Dutch TV station MAX pulled reruns of the show, which was produced from 1974 to 1998, after daily Frankfurter Allgemeine Zeitung published documents Friday showing the actor had been in the SS during World War II.
"We are not going to honor an actor like this who has lied about his past," Dutch public broadcaster NOS quoted MAX chairman Jan Slagter as saying.
Tappert had spoken of his wartime service as a medic in an interview 10 years before his death in 2008. But he didn't mention that his unit was part of the elite SS Armored Infantry Regiment 1, nicknamed the "Skulls" after the emblem they wore.
The SS is known to have committed atrocities during World War II but it was unclear from the newly discovered documents whether Tappert was directly involved.

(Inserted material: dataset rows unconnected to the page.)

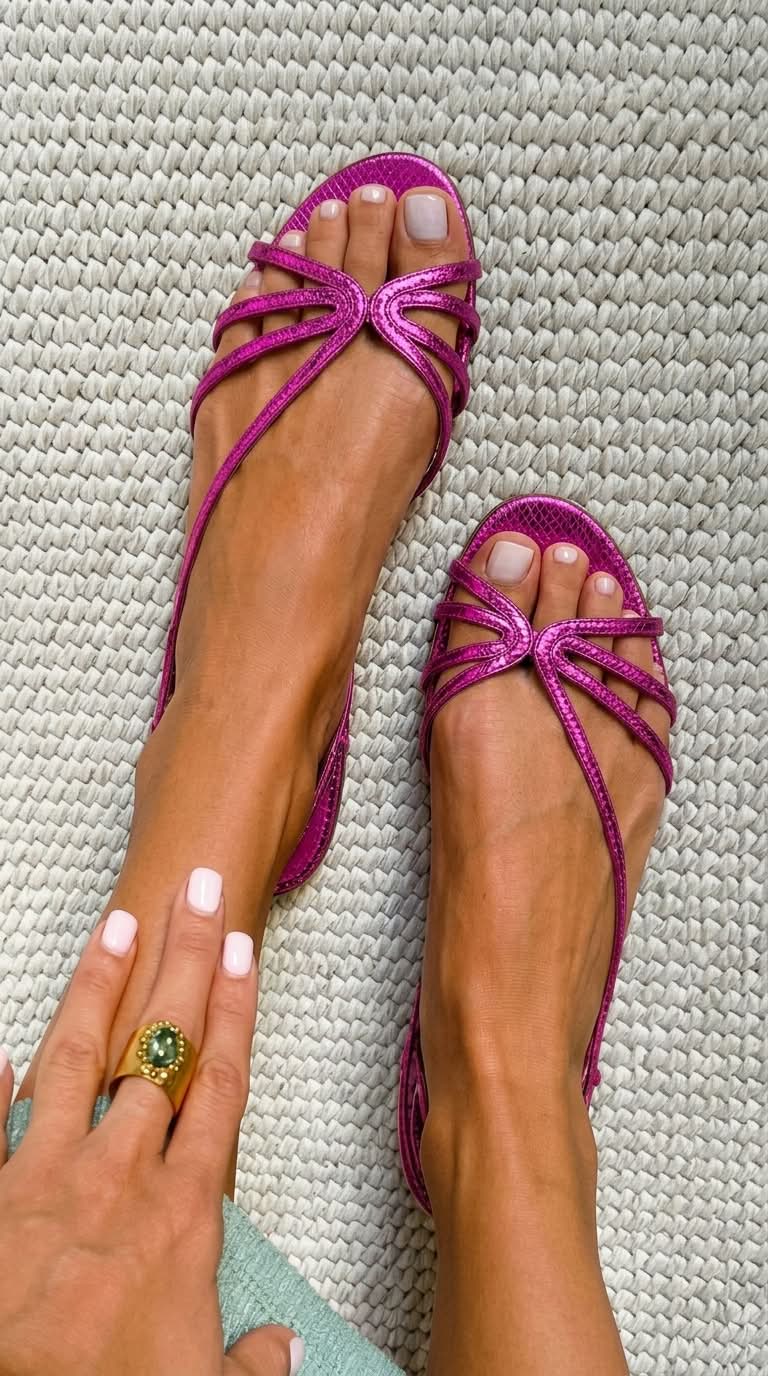 Ginevra – Golden Elegance Sandals
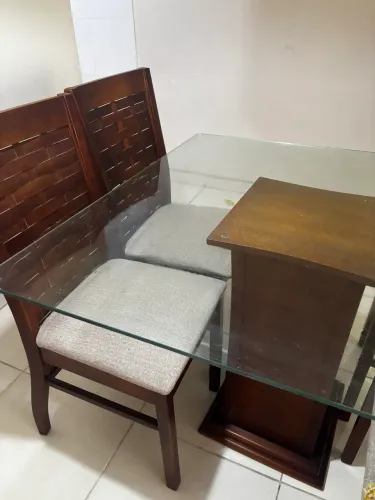 Mesa 4 lugares vidro 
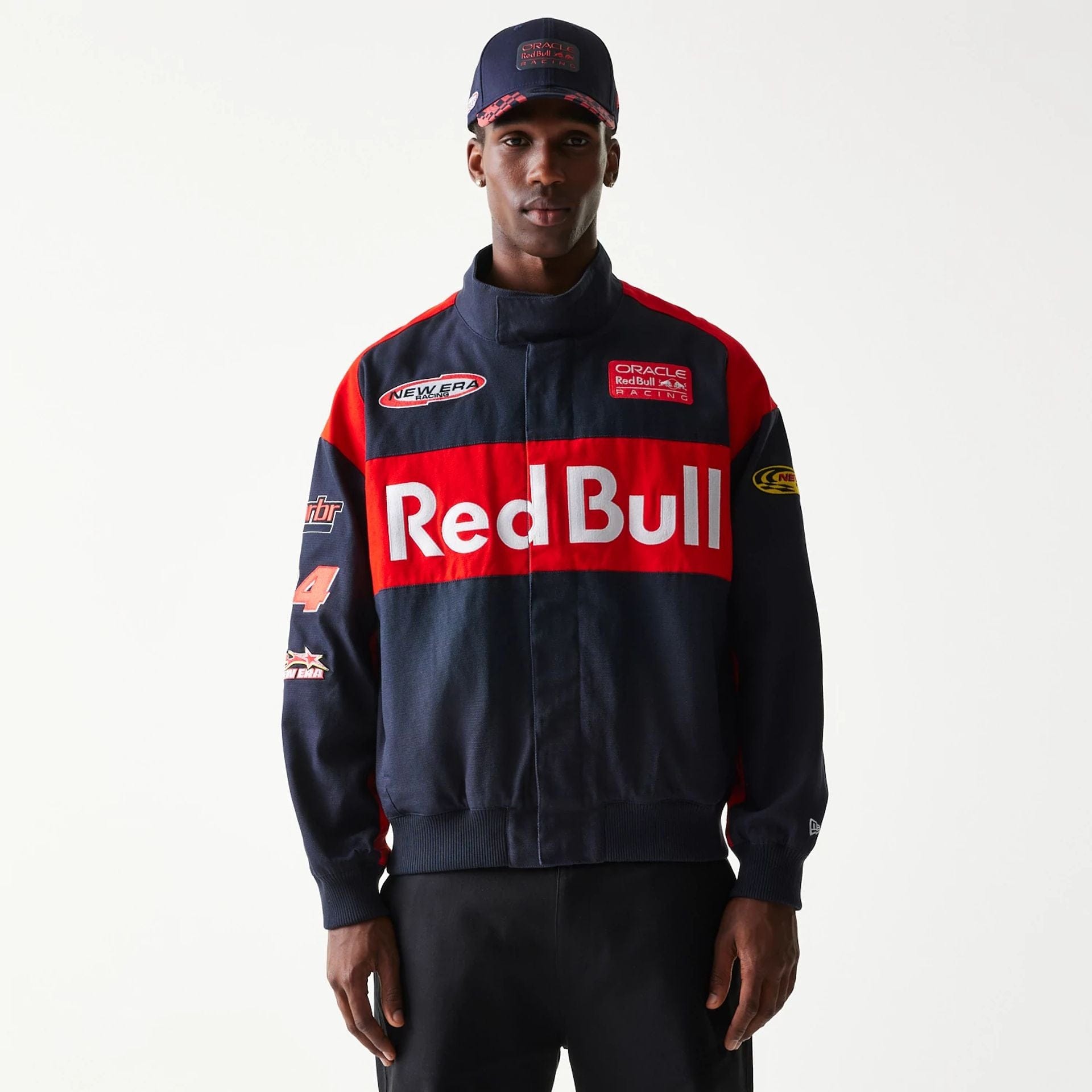 The model is wearing this Red Bull Racing Jacket in dark blue. 1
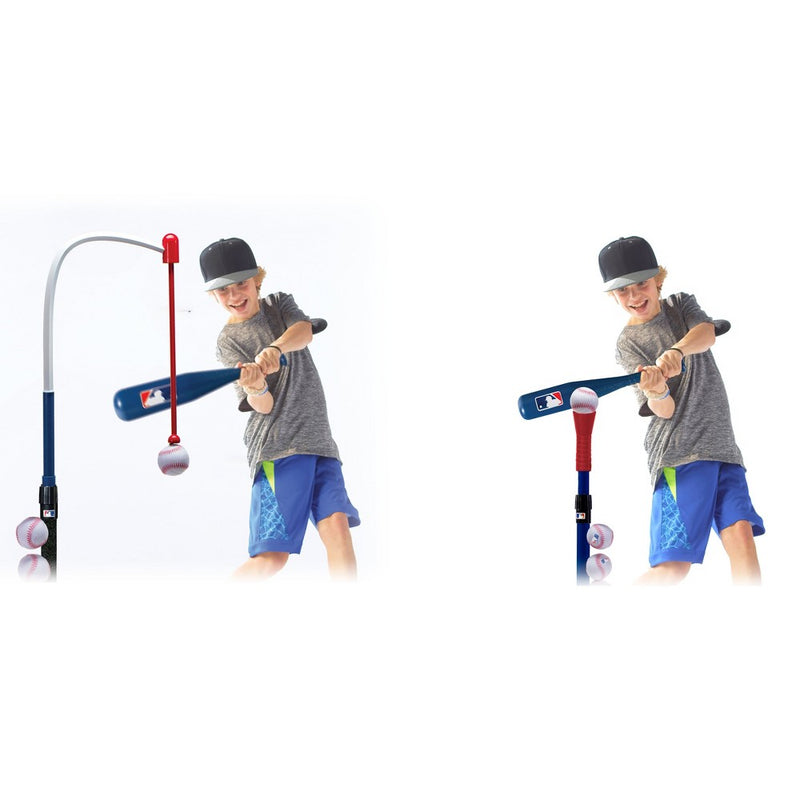 Franklin Sports MLB Playball  2 in 1 Grow With Me Batting Tee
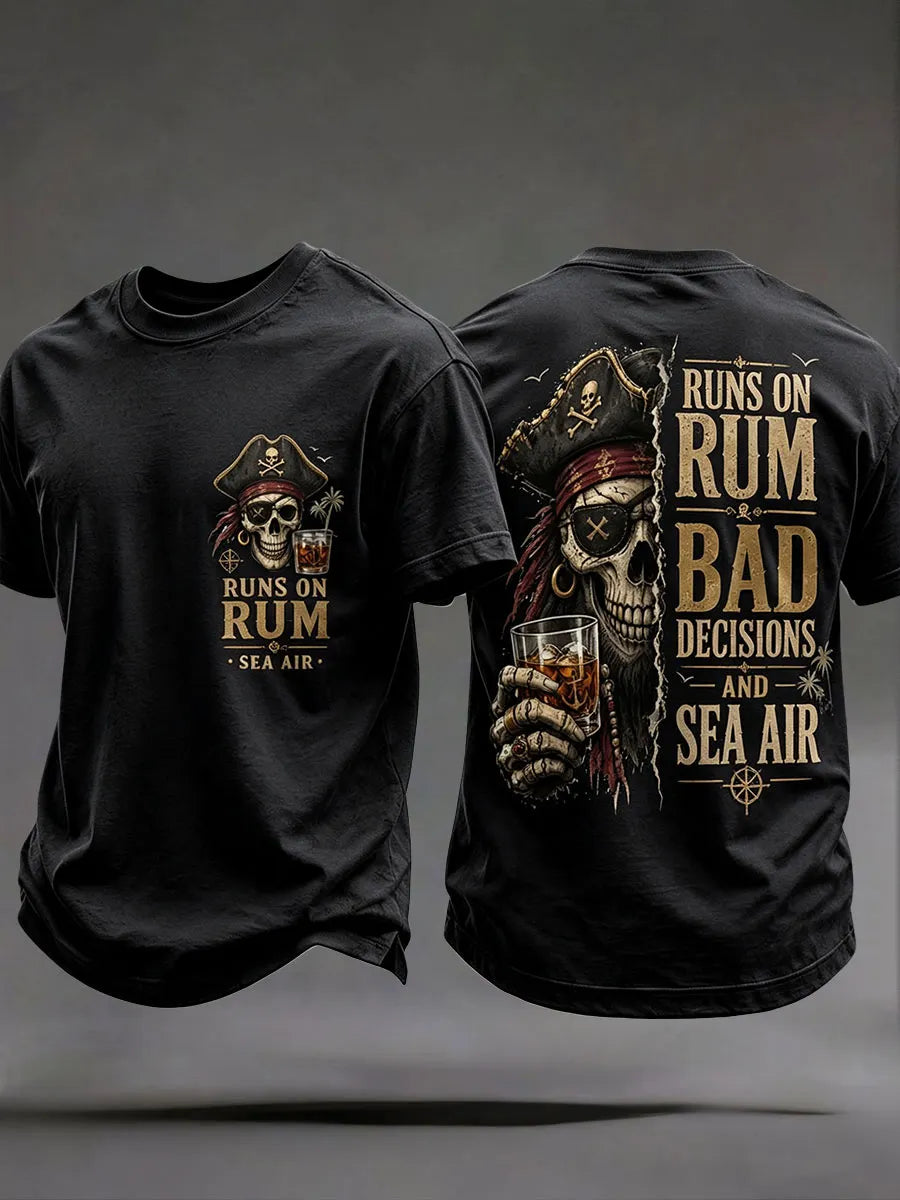 Men's 'Runs On Rum, Bad Decisions, And Sea Air' T-Shirts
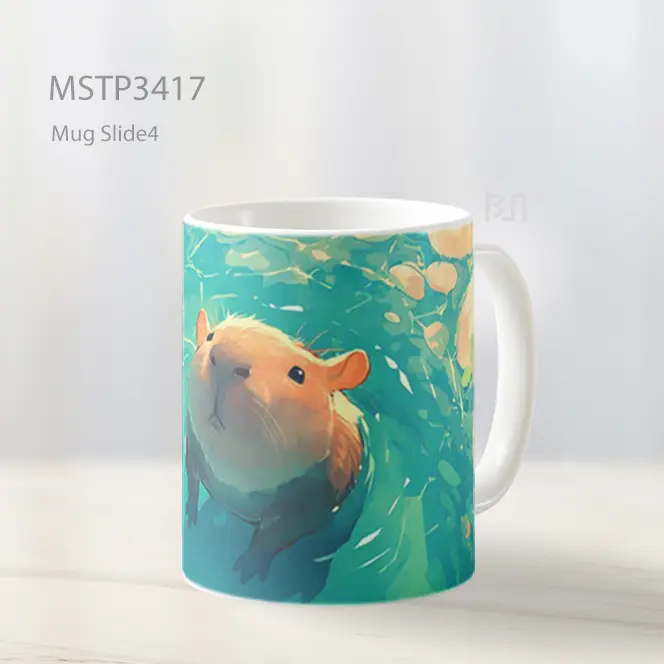 Marmut Berenang Mug MSTP3417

The German news organization Der Spiegel reports:
"The Frankfurter Allgemeine Zeitung reported on Friday that Tappert was a member of an SS anti-aircraft group (SS-Flakabteilung), in Arolsen, Germany, that was under the command of the notorious Waffen-SS.
Sociologist Jörg Becker uncovered a document showing Tappert had been a member of the SS while conducting research at the German agency WASt -- which maintains records of members of the former Wehrmacht, the German military under the Nazis -- for a memoir he is writing about another person. Becker told the newspaper the document shows that Tappert became a member of the Waffen-SS as a low-level grenadier by March 1943 at the latest, at the age of 19."
Peter Grune, a spokesman for German public broadcaster ZDF that co-produced the show's 281 episodes, said nobody at the station had known of Tappert's SS past.
"Stories like these come up now and again," he said. "For us it's not an urgent matter because he's dead."
The hidden history of prominent Germans' involvement in the war has become a subject of public debate again in recent years, after being largely ignored for decades.
In 2006, German Nobel literature laureate Guenter Grass admitted in an autobiography that he had been a member of the SS in the final months of the war. The revelation hurt Grass' image as one of the 'moral consciences' in post-war Germany.
Earlier this year ZDF broadcast a three-part drama about the war, accompanied by a publicity campaign that urged Germans to seek out survivors of the Nazi period and ask them about the role they played at the time.